What to work on: Nothing outside the lines below from the one containing "Photo of Bedroom in Twin Lakes" through the one containing "2011 CHRYSLER 200 LIMITED" is to be printed; print those exactly, ends included, and drop the pictures.

Data extract:
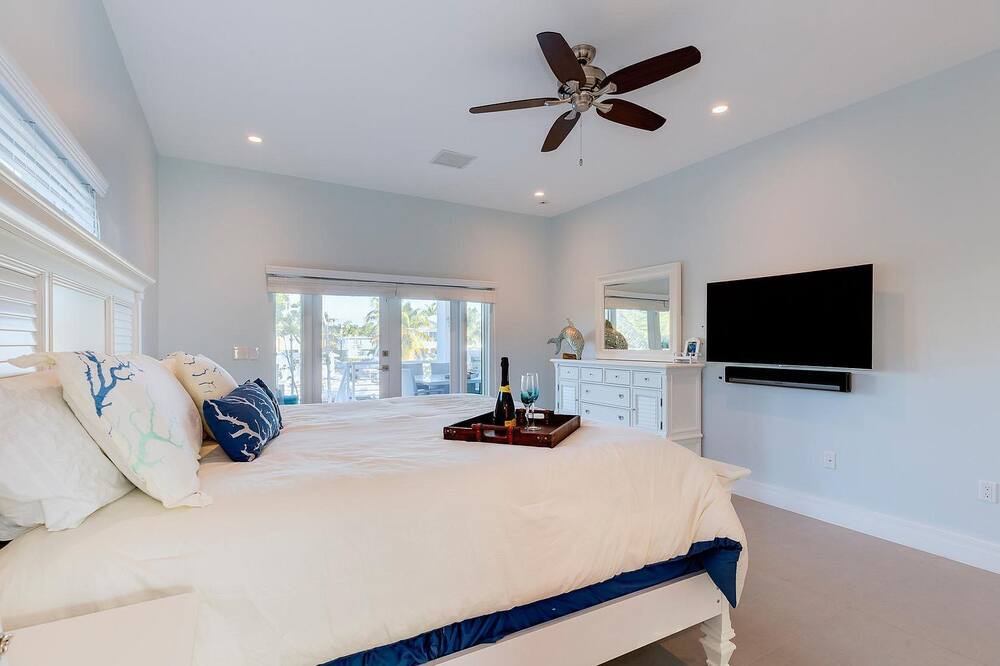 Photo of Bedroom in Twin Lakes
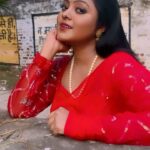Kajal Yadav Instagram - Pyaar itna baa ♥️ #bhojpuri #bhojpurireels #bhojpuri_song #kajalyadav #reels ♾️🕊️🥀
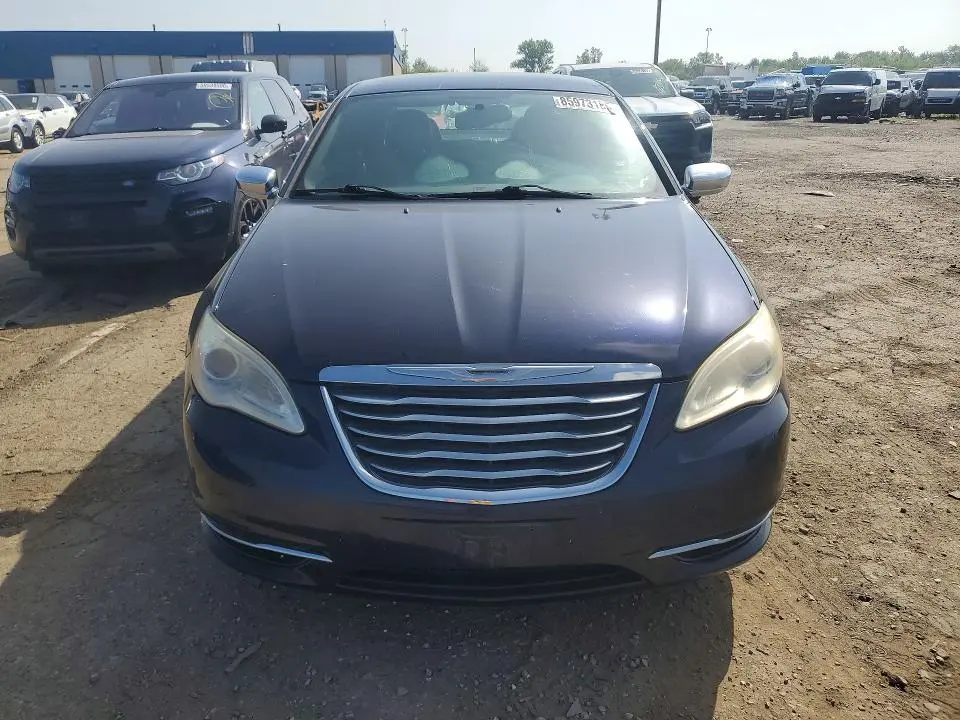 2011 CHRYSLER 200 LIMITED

--

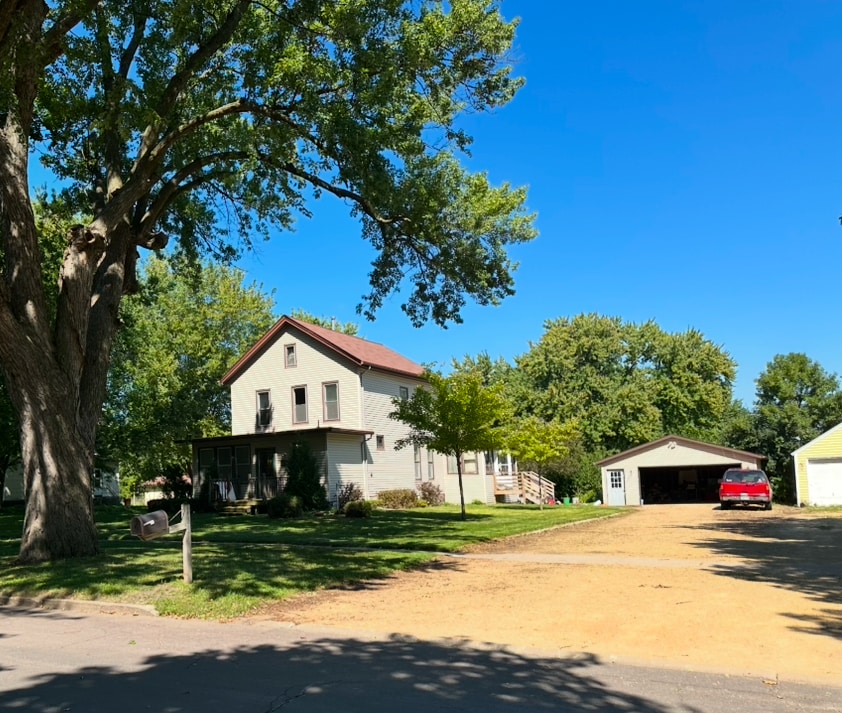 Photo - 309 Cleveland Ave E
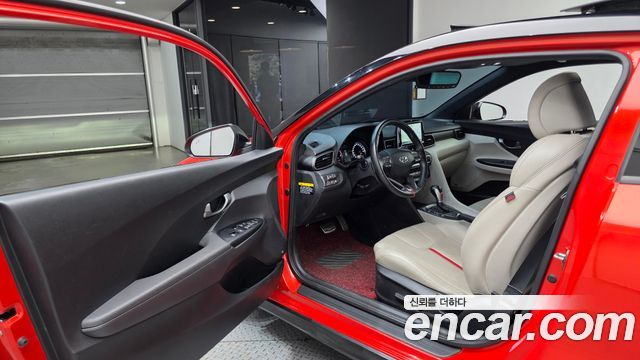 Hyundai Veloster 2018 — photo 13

==

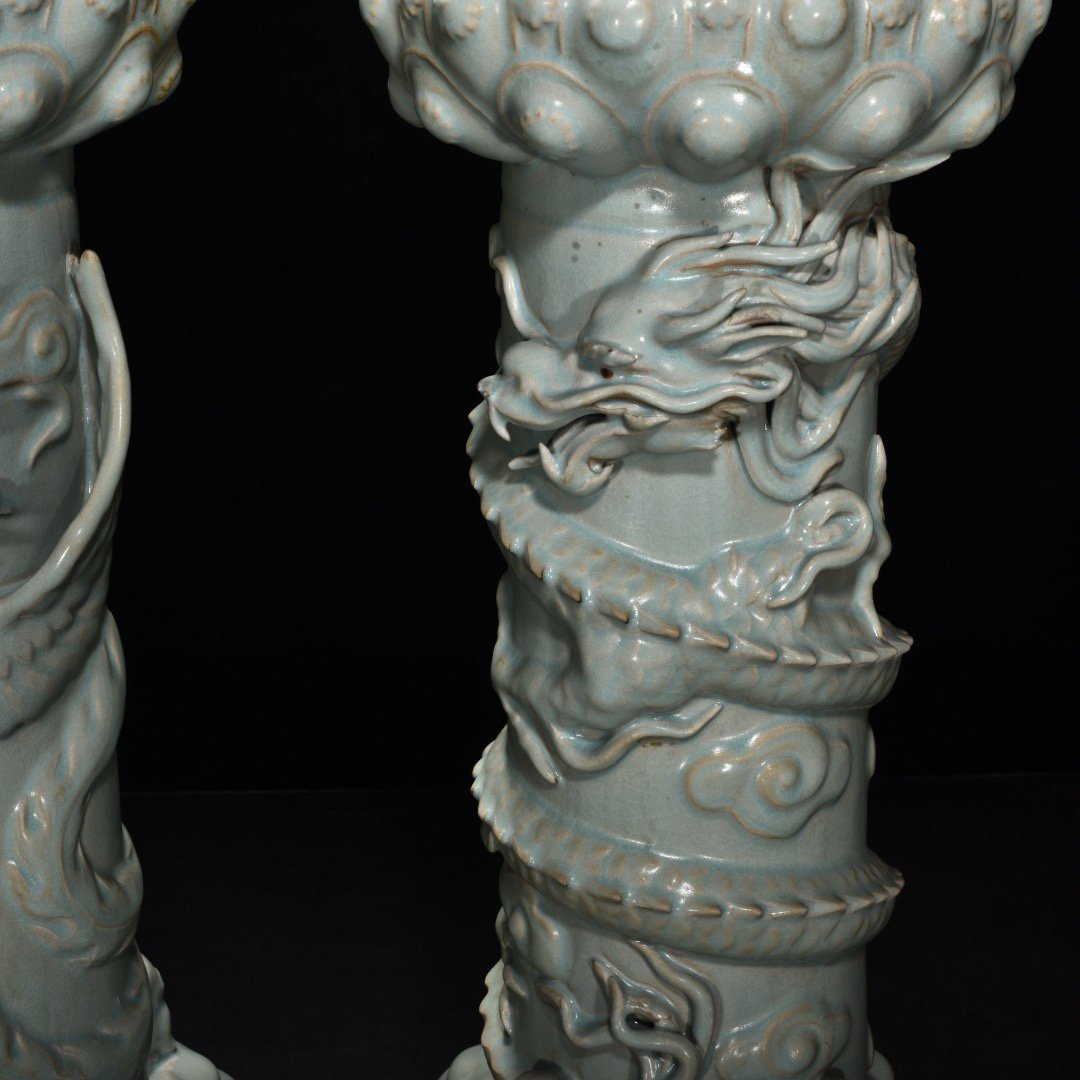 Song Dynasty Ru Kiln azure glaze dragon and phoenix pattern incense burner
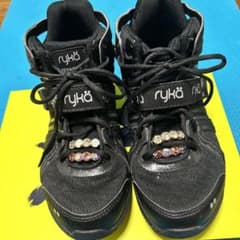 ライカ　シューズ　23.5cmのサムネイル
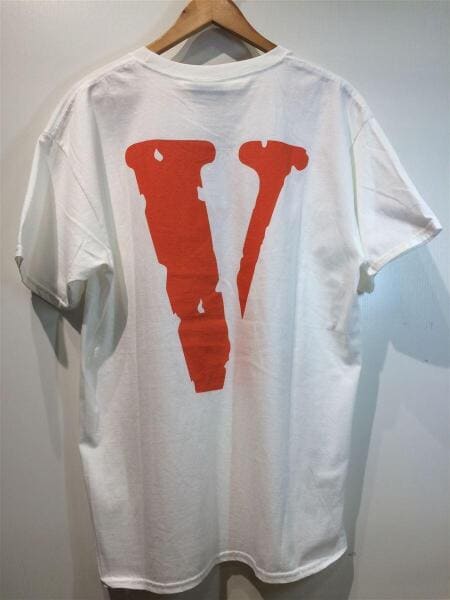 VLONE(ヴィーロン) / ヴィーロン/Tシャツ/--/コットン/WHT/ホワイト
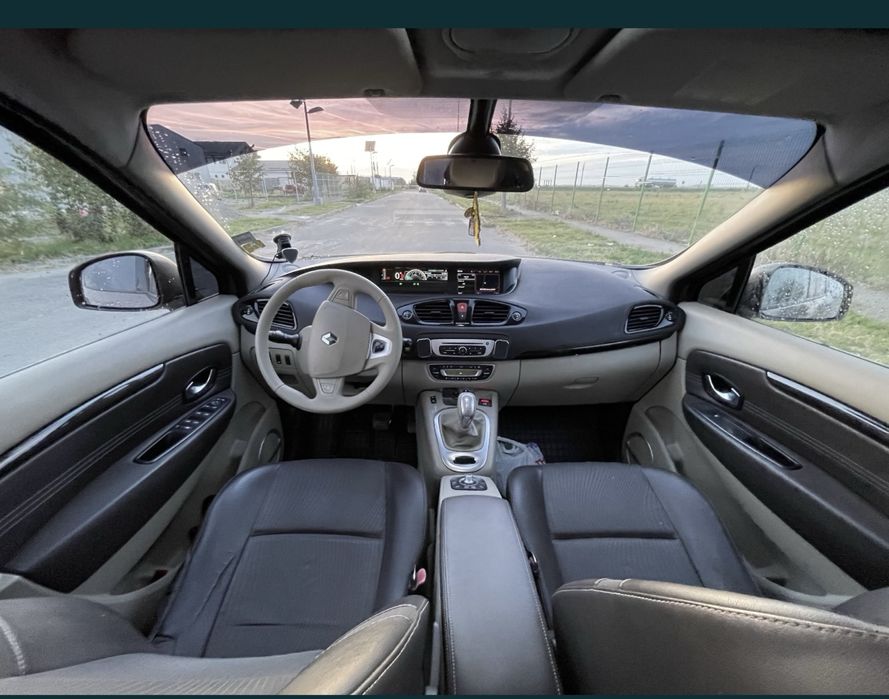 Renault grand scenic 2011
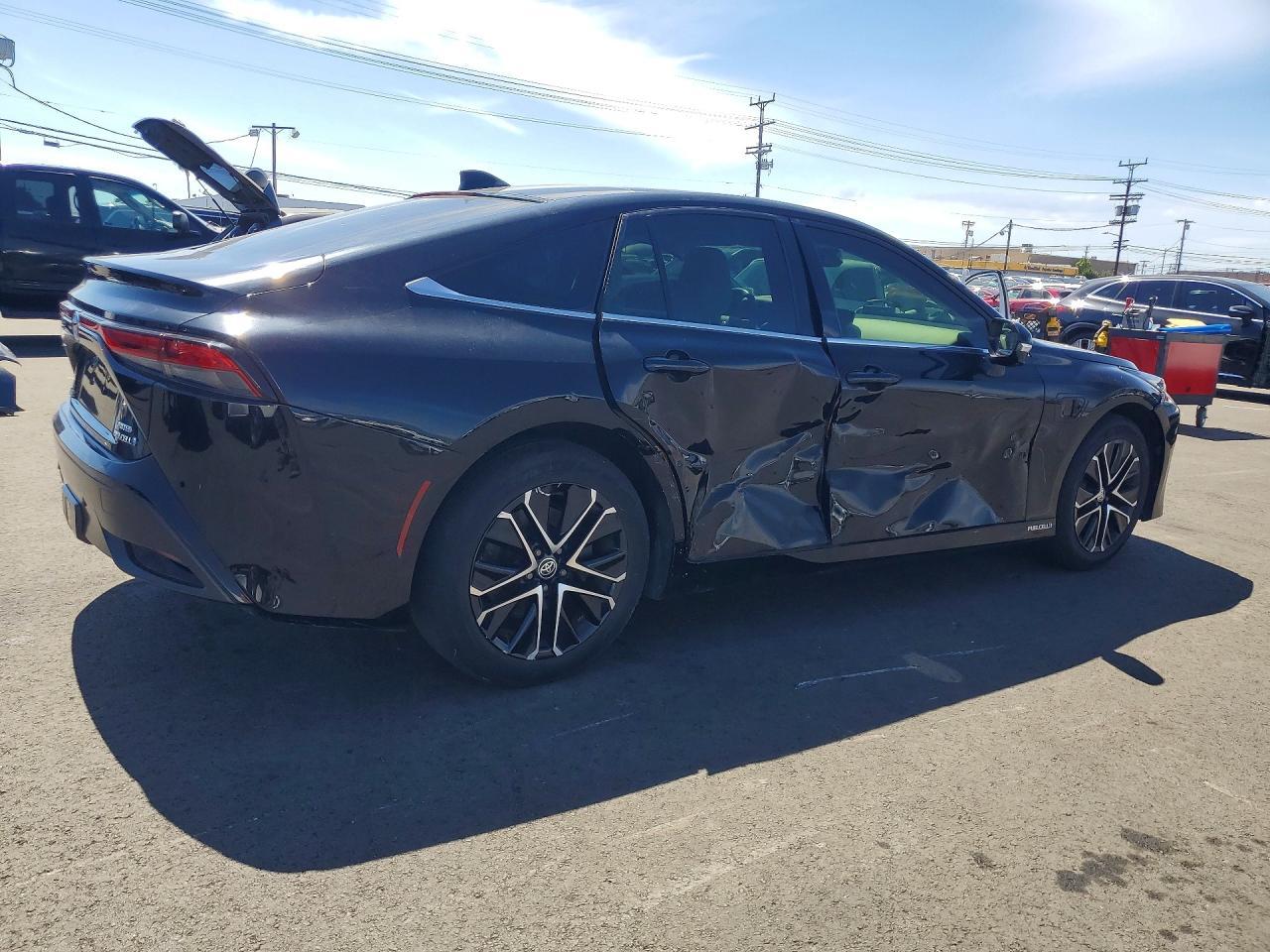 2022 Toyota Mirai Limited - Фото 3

Reply to the exercise:
 Photo of Bedroom in Twin Lakes
Kajal Yadav Instagram - Pyaar itna baa ♥️ #bhojpuri #bhojpurireels #bhojpuri_song #kajalyadav #reels ♾️🕊️🥀
 2011 CHRYSLER 200 LIMITED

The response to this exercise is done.